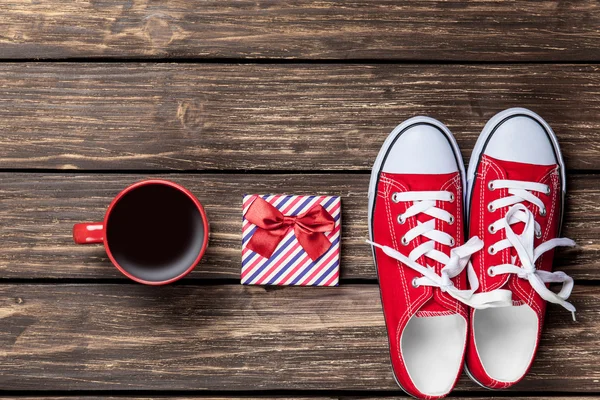 Gumshoes and cup of coffee with gift — Stock Photo, Image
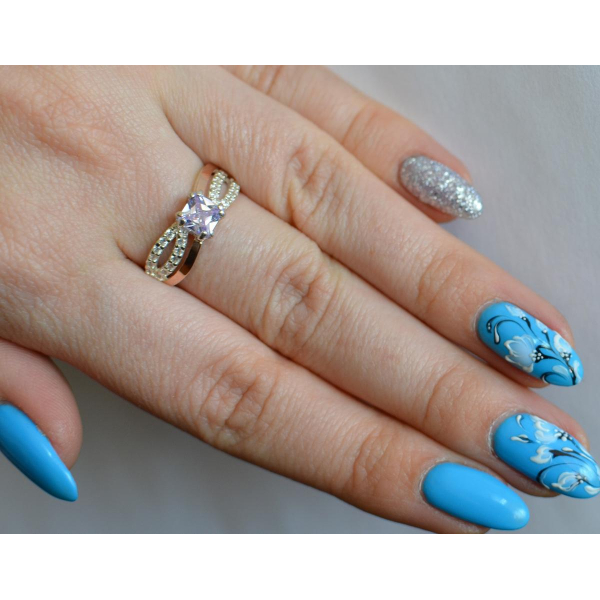 Серебряное кольцо с золотыми вставками (136к)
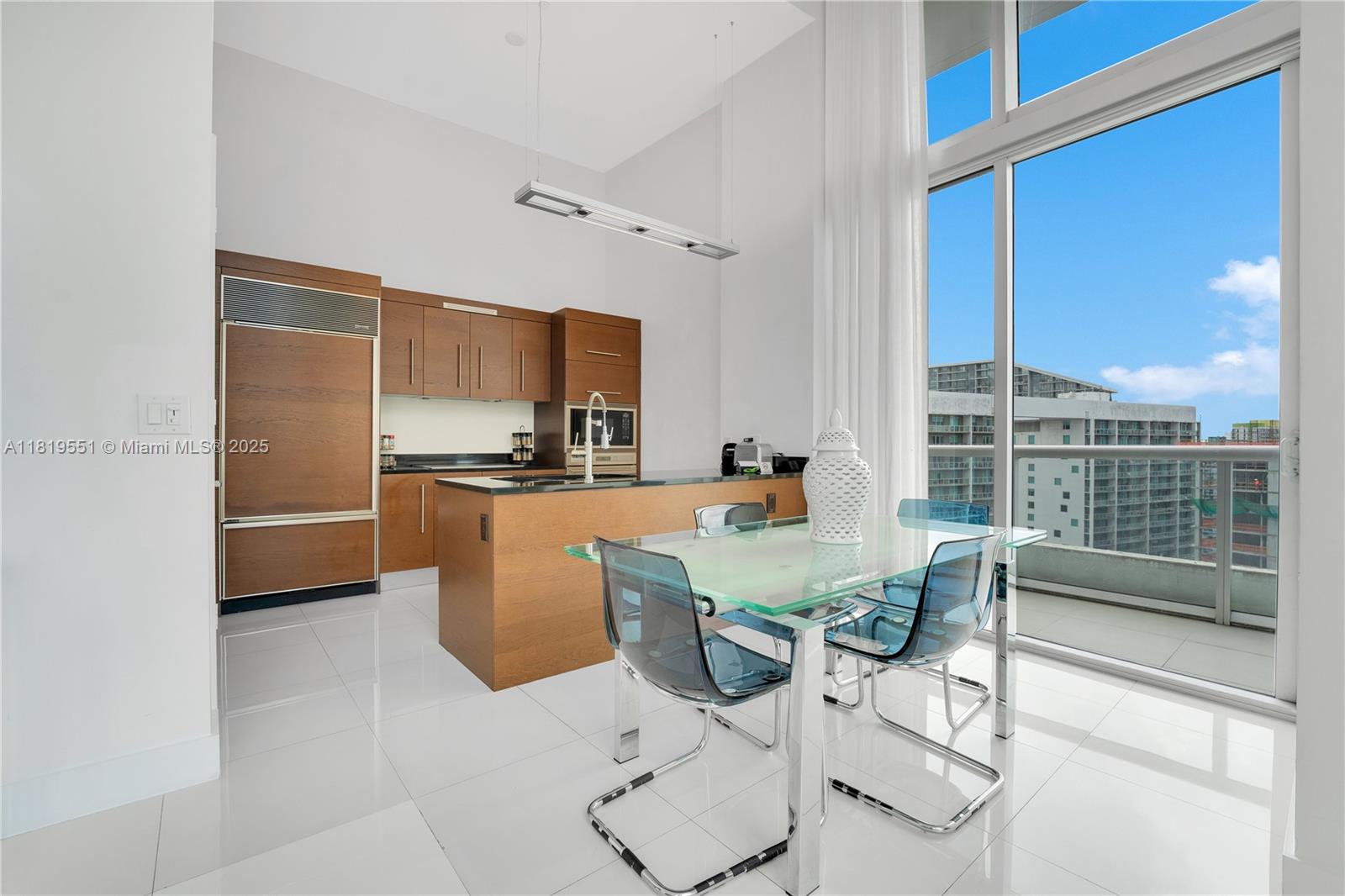 485 Brickell Avenue, Unit 4004 Miami, FL 33131 - Photo 10 of 22 a view of kitchen with furniture and refrigerator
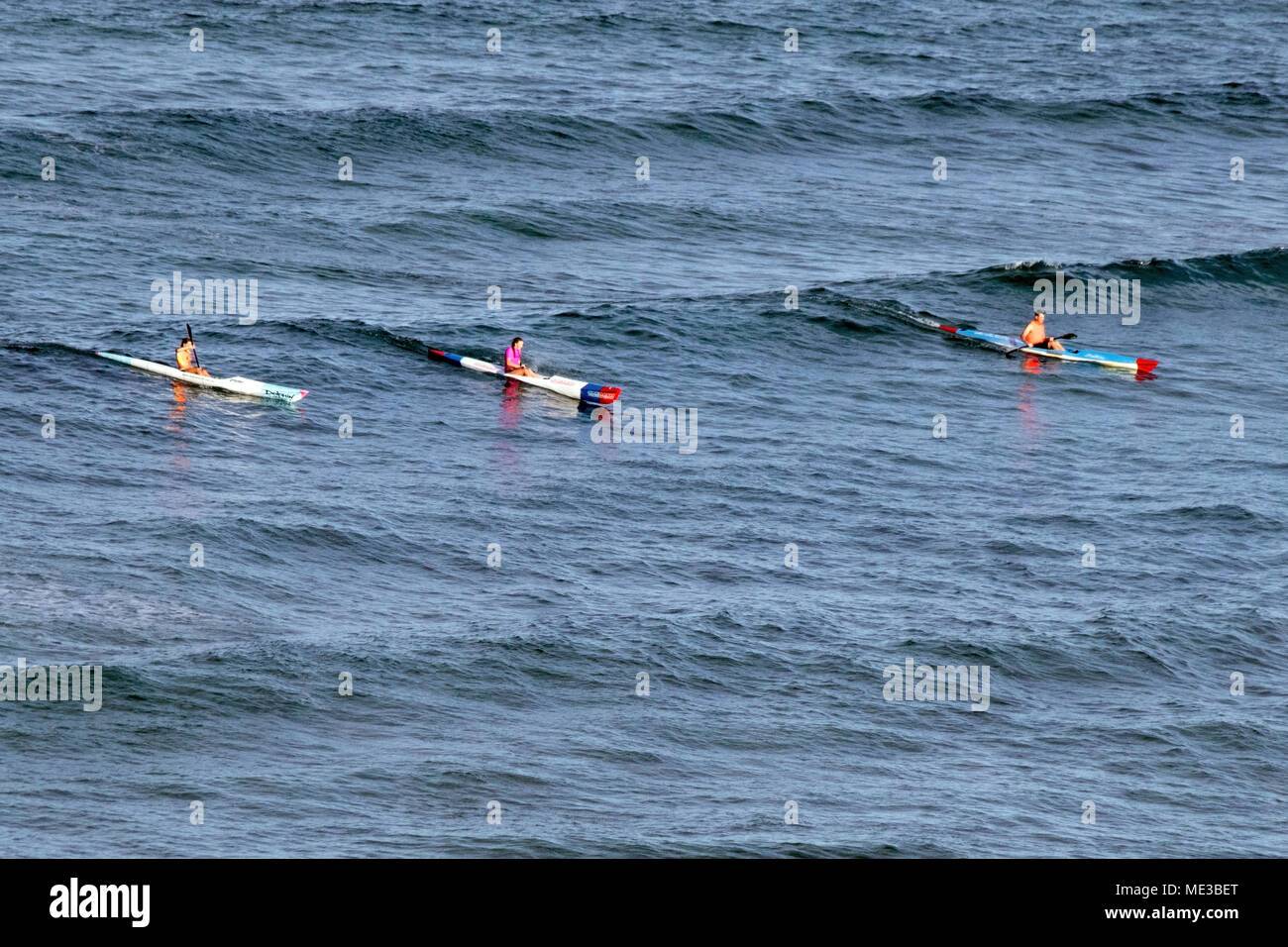 Drei Leute auf Surf Kajaks Fang eine Welle an der Gold Coast in Australien Stockfoto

• Assignment:
In your copy, omit the pictures and restate every line of the data word for word.

• Task result:
 Gumshoes and cup of coffee with gift — Stock Photo, Image
 Серебряное кольцо с золотыми вставками (136к)
 485 Brickell Avenue, Unit 4004 Miami, FL 33131 - Photo 10 of 22 a view of kitchen with furniture and refrigerator
 Drei Leute auf Surf Kajaks Fang eine Welle an der Gold Coast in Australien Stockfoto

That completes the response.